Hummingbirds are unique to the New World. European explorers were astounded by the tiny glittering creatures that zipped up and down, backwards and sideways, with wings humming and blurred. Hummingbirds, America’s smallest birds, are sort of miniature helicopters.
They can soar, or hover for a few seconds, and even fly upside down. In a blur of iridescent greens, purples, or reds, a hummingbird can speed by in forward flight, then brake in midair to probe its needle-like beak into a flower for a sip of nectar.
Its wings beating so fast that they resemble gossamer, the bird will back out of the flower and sidle over to the next blossom. The wings of these adroit little birds rotate rapidly at the shoulder, tilting to force air forward and down on the downstroke, but also backward and down on what should be the upstroke.
Their powerful breast muscle is proportionally four times larger than that of a chicken, and their metabolism is 10 times faster than that of a human sprinter. Some hummers can beat their wings 1,000 times in the span required to read this sentence. In flight, a hummingbird beats its wings about 53 times per second when moving forward. A hummingbird’s heart beats almost 10 times per second during activity.
Hummingbirds have a lot of enemies in the animal world. Small raptors like American kestrel, Merlins, Sharp-shinned hawk, and Jays capture hummingbirds when they rest on a tree branch with their eyes shut. Some of the larger members of the flycatcher family are even able to catch hummers in flight.
Tanagers have been seen catching and eating hummingbirds, and small owls can find sleeping hummingbirds at night. Hummers get sometimes caught in spider webs as they collect bits of webbings to glue their nesting material together. Frog attacks against hummingbirds may be more common than is suspected.
Distribution & Habitat
About some 20 species of hummingbird have been sighted in the United States. The Black-chinned Hummingbird (Archilochus alexandri) prefers dry scrub, woodlands near streams, wooded canyons, mountain meadows and gardens. Favorite flowers include ocotillo, desert honeysuckle, and tree tobacco.

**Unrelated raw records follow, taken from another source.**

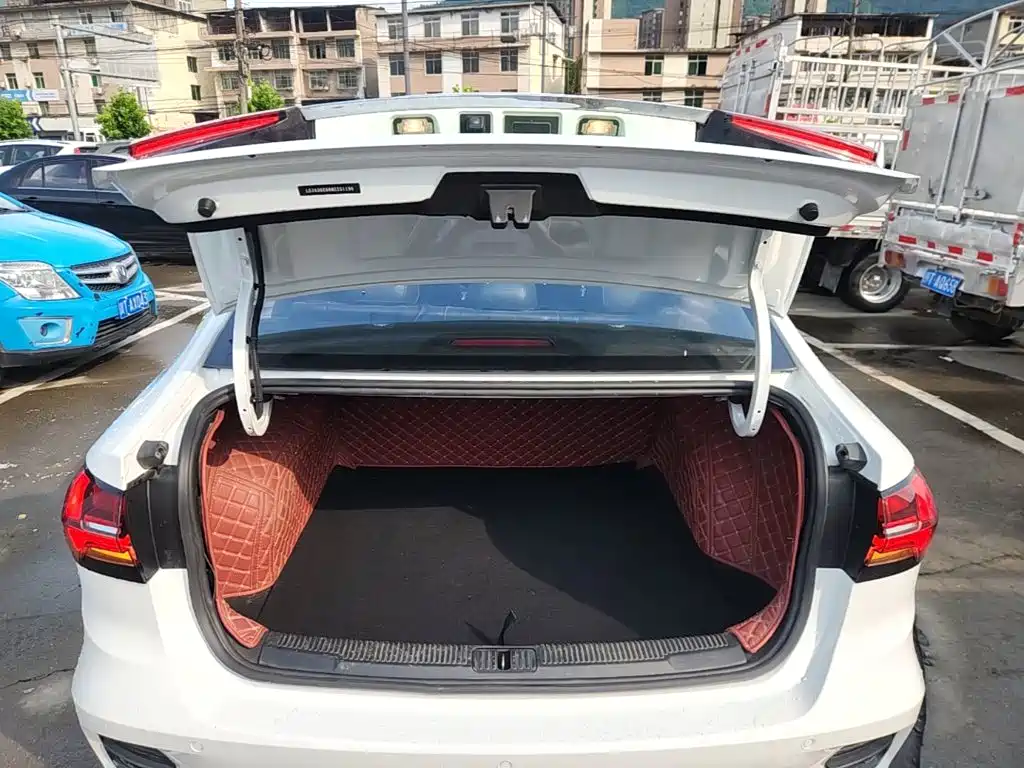 Roewe i5 — фото 19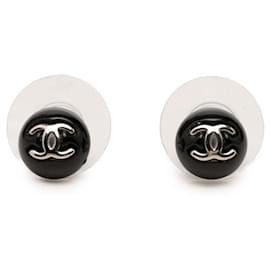 Orecchini a lobo rotondi Chanel Coco Mark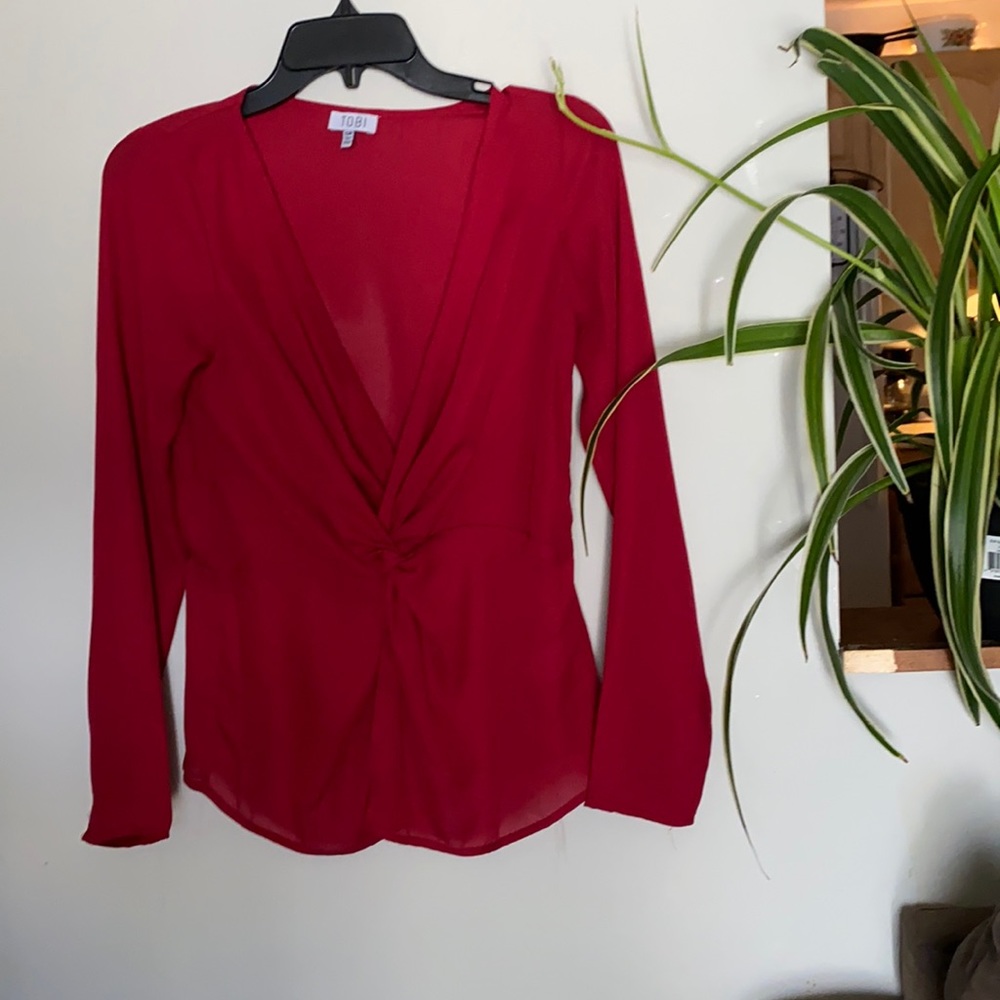 🛍 5/$25 Red Knot Front Blouse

The black-chinned hummingbird is widespread as a breeding species in the Western United States. After the nesting season, most members of this species migrate south into Mexico, although some individuals spend the winter months along the Gulf Coast and in Florida.
The Rufous Hummingbird (Selasphorus rufus) flies farther north than any other hummingbird. As the birds move south toward Mexico (mainly in July and August), they may be found as high in the mountains as 13,200 feet. Hummingbirds are generally feisty, but this species is particularly pugnacious.
Yet at times Rufous Hummingbirds appear to breed in colonies, with some pairs nesting only a few feet from one another. The similar-looking Allen’s Hummingbird (Selasphorus sasin), which occurs along the West Coast from Oregon south, has a green back and cap. The adult male is unmistakable with its rusty back. Both male and female rufous hummingbirds give rather a mechanical-sounding “cbp, cbp, cbp” while they’re feeding or when another bird enters their territory.
The Anna’s Hummingbird (Calypte anna ) has a long bill, iridescent dark red crown and throat (male); white-tipped tail (female). It prefers open woodlands and gardens. When the female Anna’s Hummingbird lays her eggs, the nest may be only half-finished; she completes it while incubating.
Like most hummingbird nests, it consists of tiny stems and plant down, held together and lashed to a branch with spider silk and often camouflaged with bits of lichen. A female feeds her young without any help from her mate. She collects nectar, tree sap, insects, and spiders, and delivers the meal by thrusting her long bill deep down the nestlings’ throats.